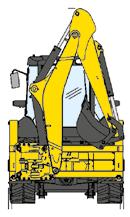 operating height mm 4480 4405 4330 G Hinge pin height mm 3490 3460 3500 H Maximum dump height under bucket at 45 mm 2650 2693 2780 BACKHOE SPECIFICATIONS retracted extended retracted extended Bucket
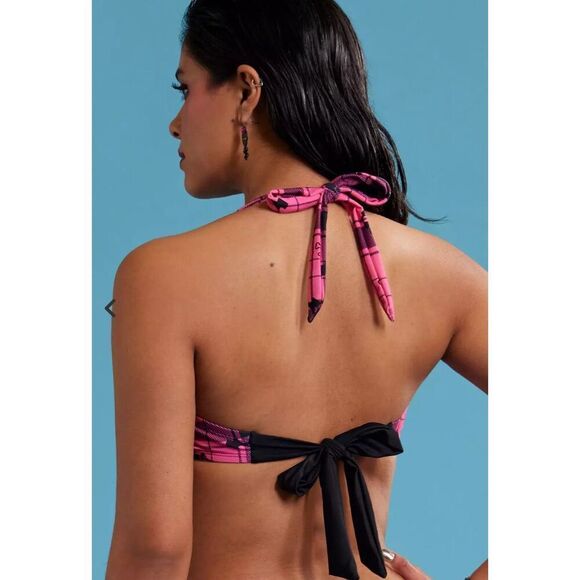 Hot Topic Monster High Pink Plaid Icons Halter Swim Top Nwot Size Medium - Picture 5 of 7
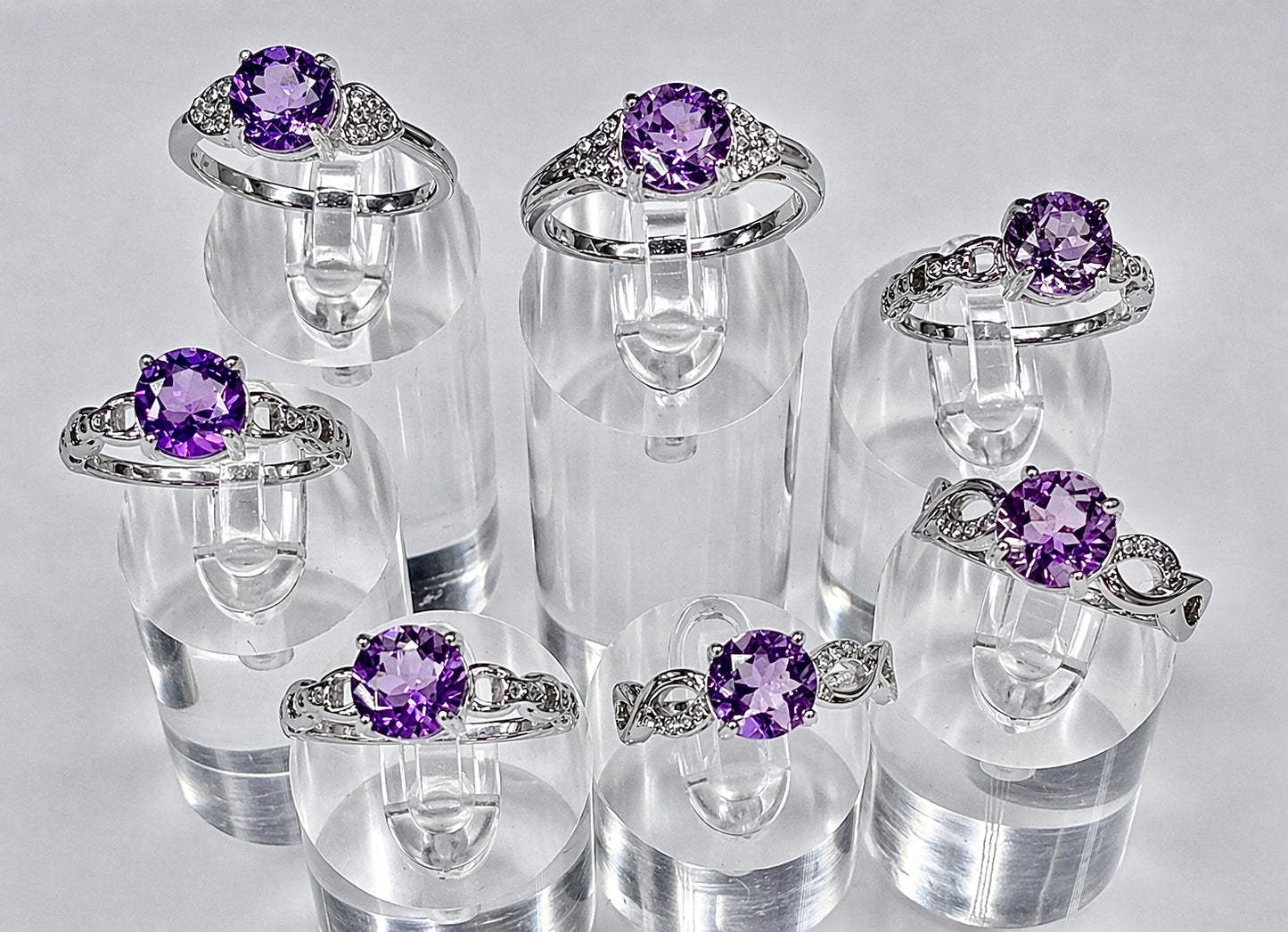 Wholesale Lot 7 pcs Faceted Natural Amethyst Stainless Steel Ring 7mm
# # # #
## Problem details
Omit the pictures and reproduce the listing exactly.

## Your solution
 operating height mm 4480 4405 4330 G Hinge pin height mm 3490 3460 3500 H Maximum dump height under bucket at 45 mm 2650 2693 2780 BACKHOE SPECIFICATIONS retracted extended retracted extended Bucket
 Hot Topic Monster High Pink Plaid Icons Halter Swim Top Nwot Size Medium - Picture 5 of 7
 Wholesale Lot 7 pcs Faceted Natural Amethyst Stainless Steel Ring 7mm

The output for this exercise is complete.